(MATERIAL SUPPLIED)

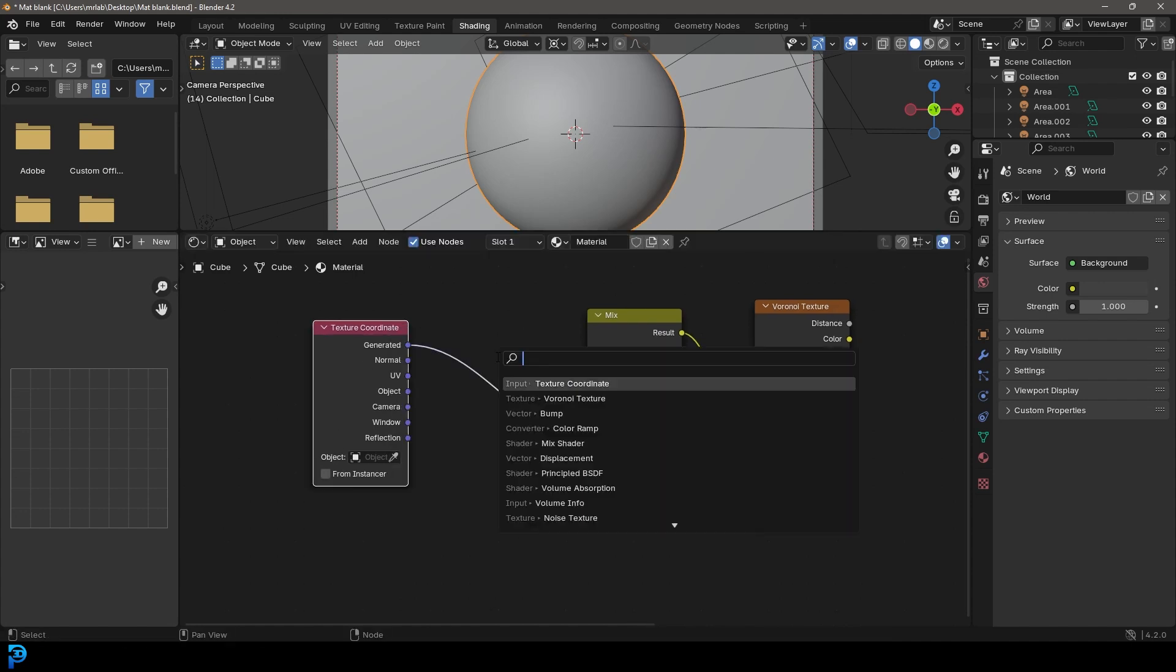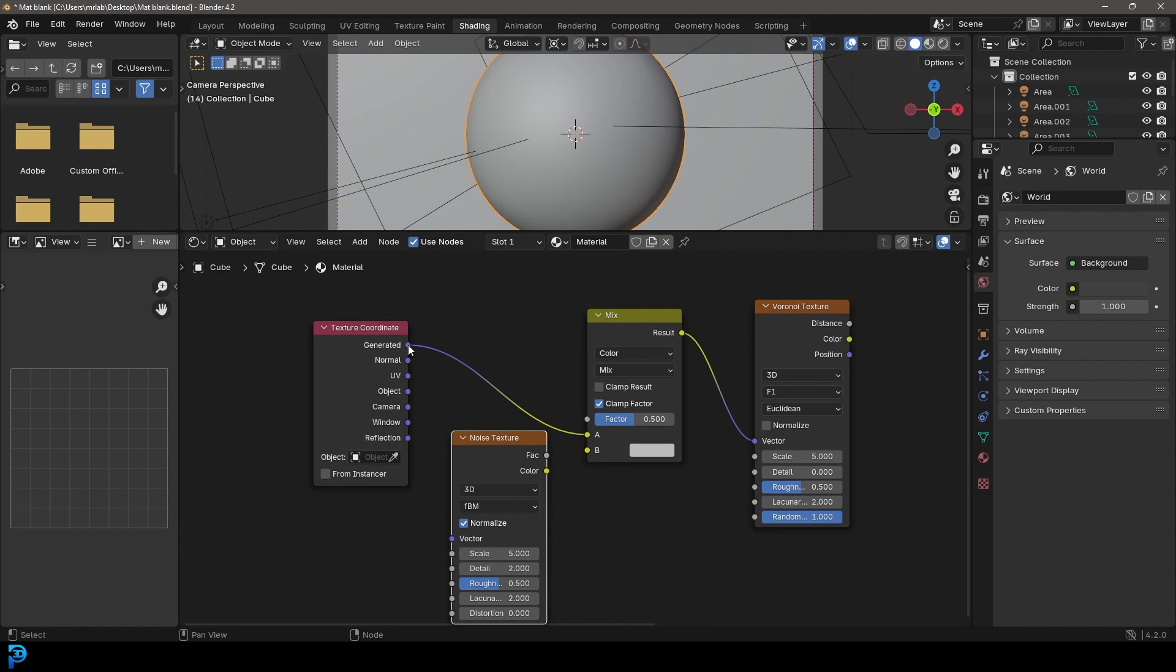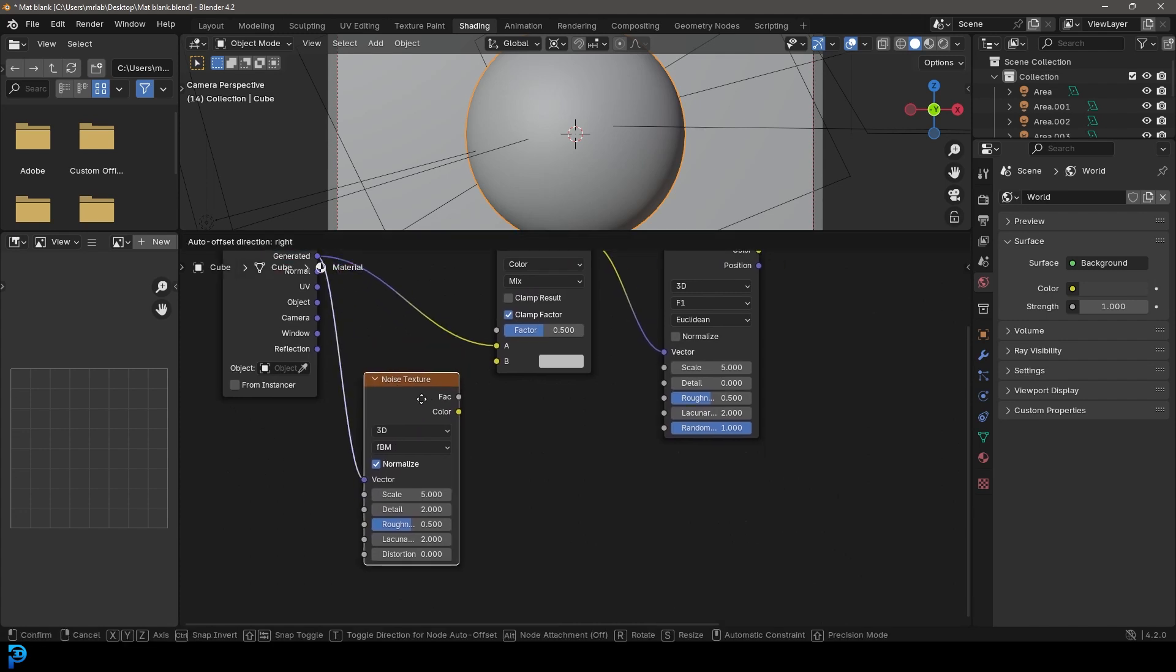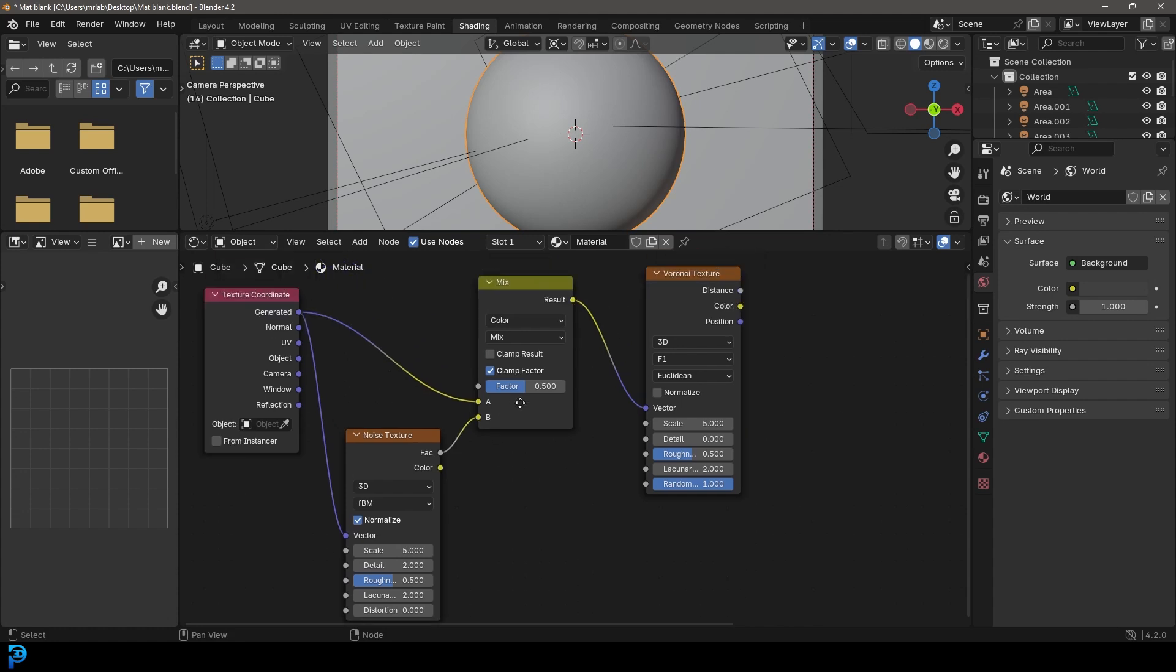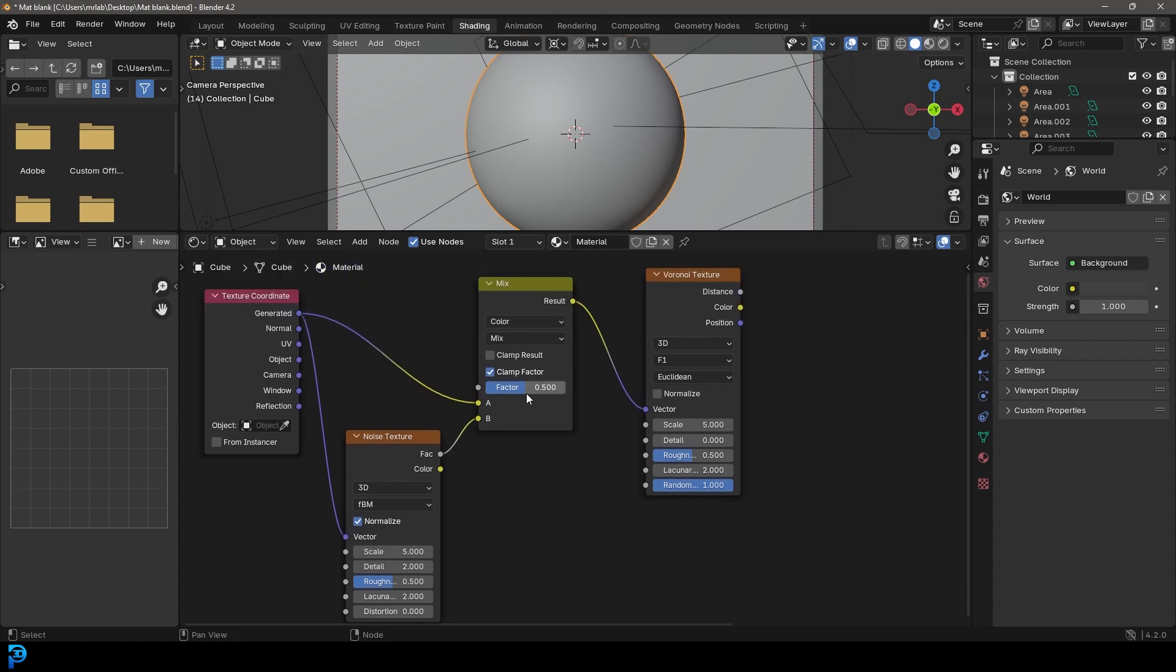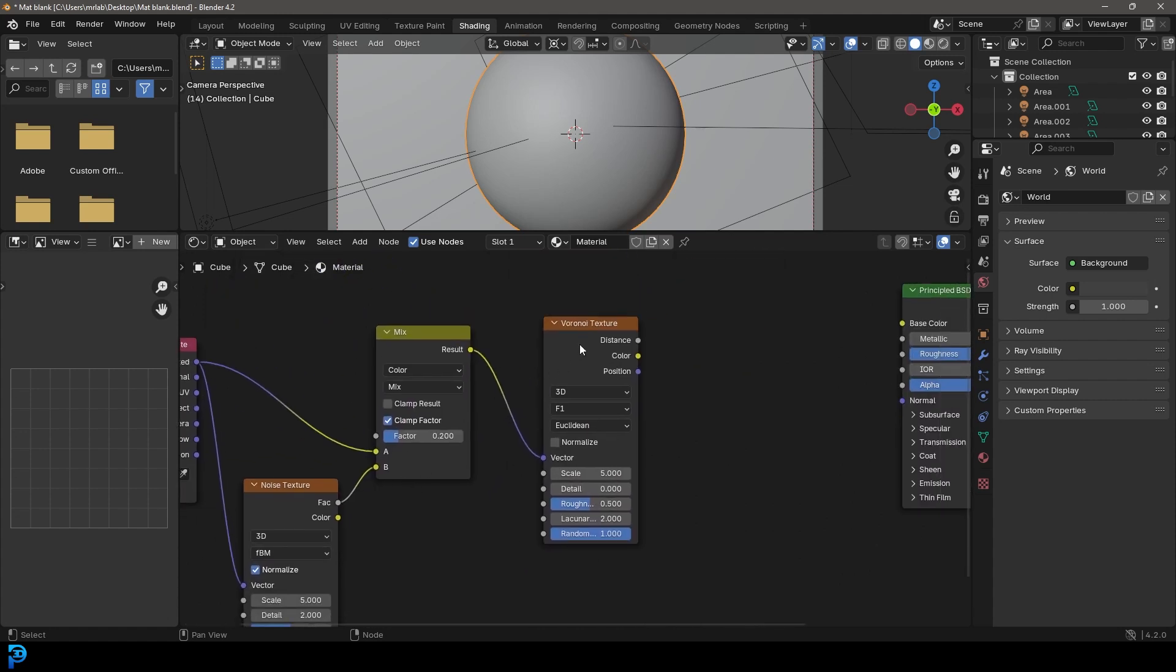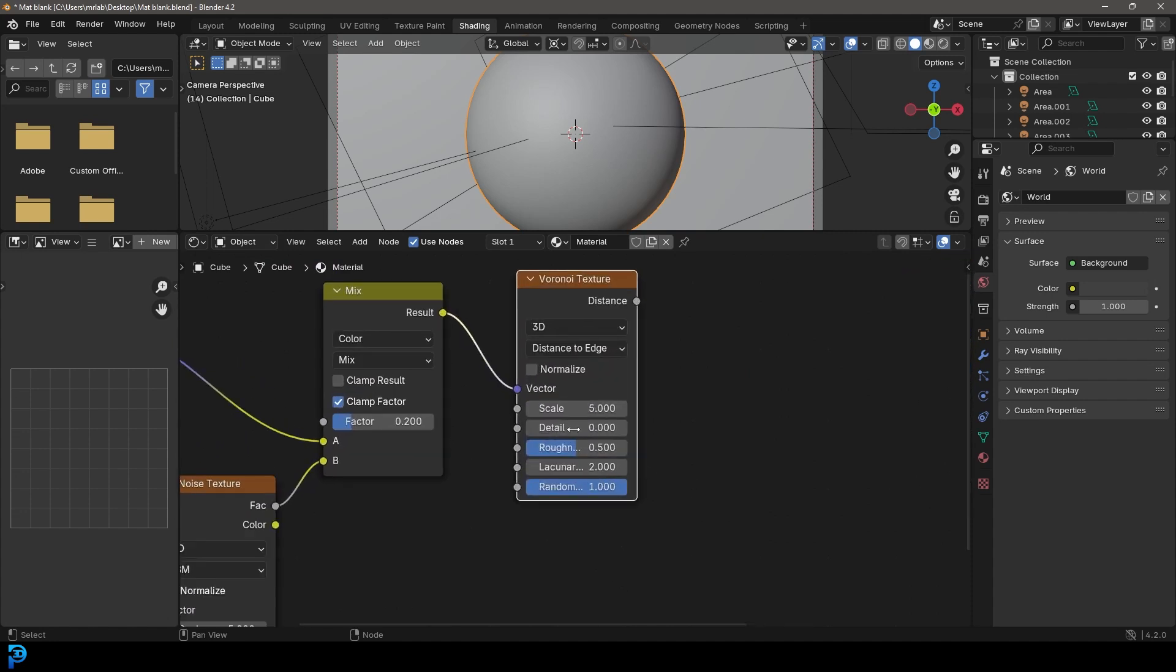Then we're going to go Shift A, search and get a Noise Texture. I'm going to take the generated and plug it into the vector. Then we're going to take this factor and plug it into the B input here. We're going to take the factor and make it 0.2. Then we're going to come here to our Voronoi. We're going to give it the method here, let's just make that Distance to Edge.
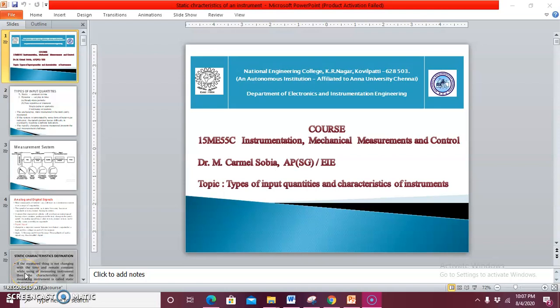Today's topic: we are going to discuss types of input quantities and characteristics of instruments.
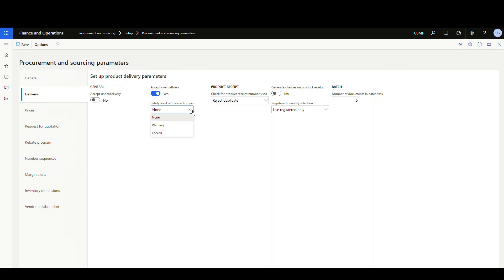You have three options here: one is warning and one is locked. Now what this is going to do is prevent you or warn you from adding lines to a purchase order that's been fully invoiced. So if you want to protect that purchase order once it's been invoiced, this is the parameter that you want to use.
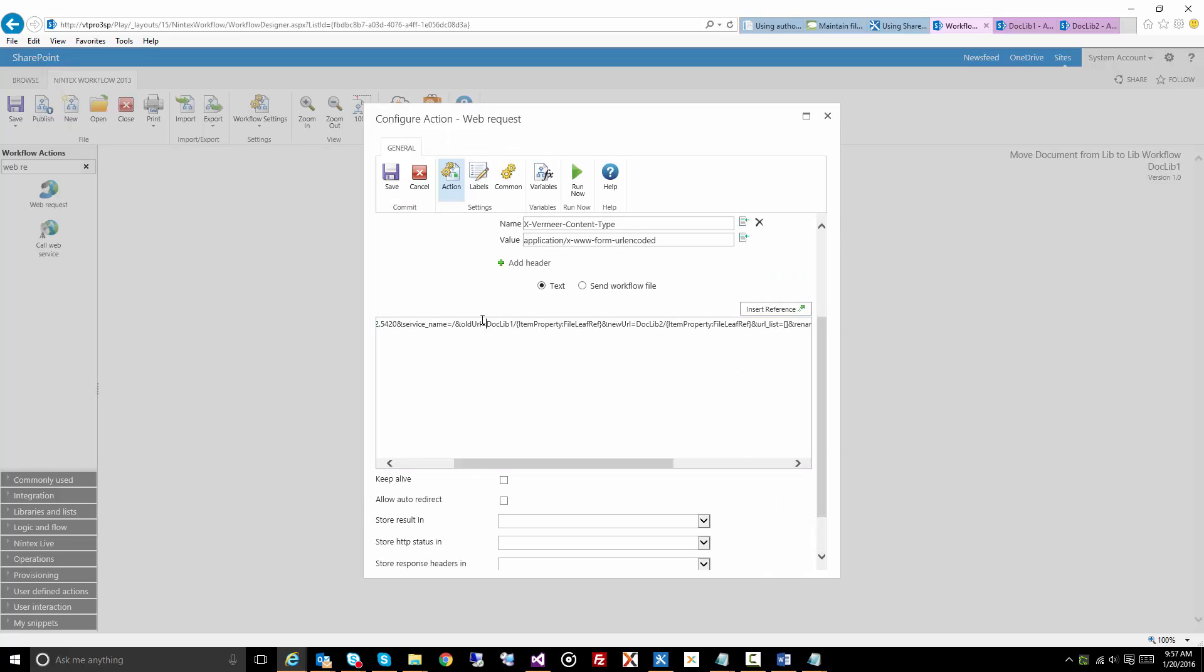So this is the original document in document library one, and then we have a new URL, and there you see it says doc lib2 with the same file name. So we're preserving the file name as well as hopefully the version history.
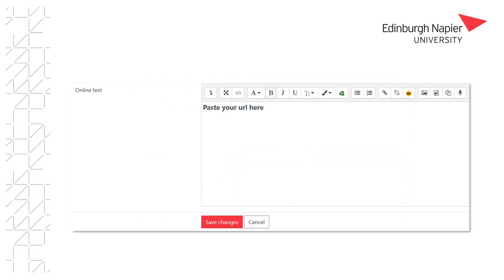In some modules you may be required to upload a link — for example, a link to a resource you have created such as a Panopto video. To do that, paste the link to the resource in the online text area before saving changes.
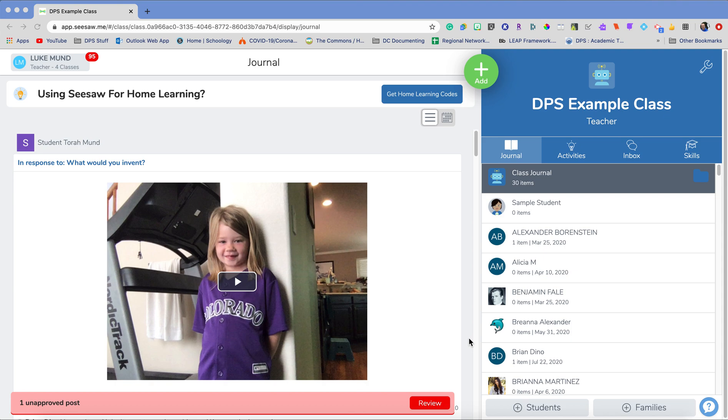Hello, I'm Luke Mundt and I'm the Digital Regional Coach for the Southeast Region and today I'm going to teach you all about folders in Seesaw.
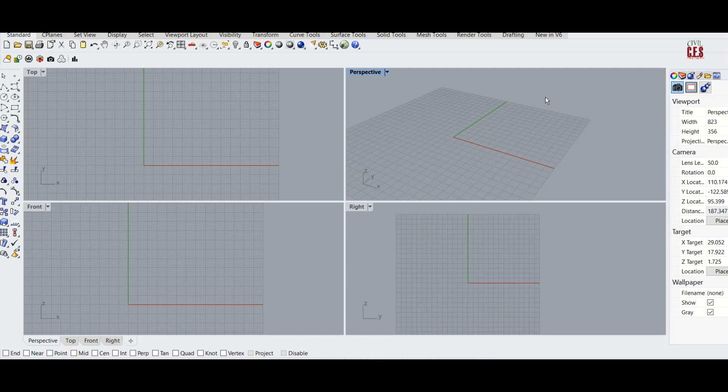Hi everyone, greetings from CVS. This video is the first video in a series of tutorials on Rhino software.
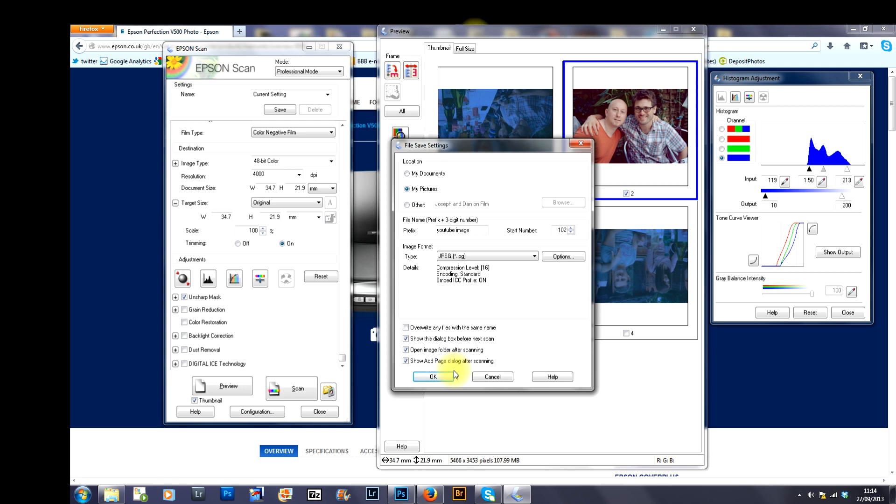I do tend to find a couple of things. Sometimes you might get a few specks of dust on your image after you've scanned it. Again, open it up in Photoshop and you can remove those very easily. It's very quick, very easy. And that's it.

(End MATERIAL SUPPLIED)

[WORK REQUIRED]:
Please retype exactly the lines from the one containing "Hi everyone, greetings" through the last line of the records, both included, leaving out every picture.

[ANSWER TO THE PROBLEM]:
Hi everyone, greetings from CVS. This video is the first video in a series of tutorials on Rhino software.
I do tend to find a couple of things. Sometimes you might get a few specks of dust on your image after you've scanned it. Again, open it up in Photoshop and you can remove those very easily. It's very quick, very easy. And that's it.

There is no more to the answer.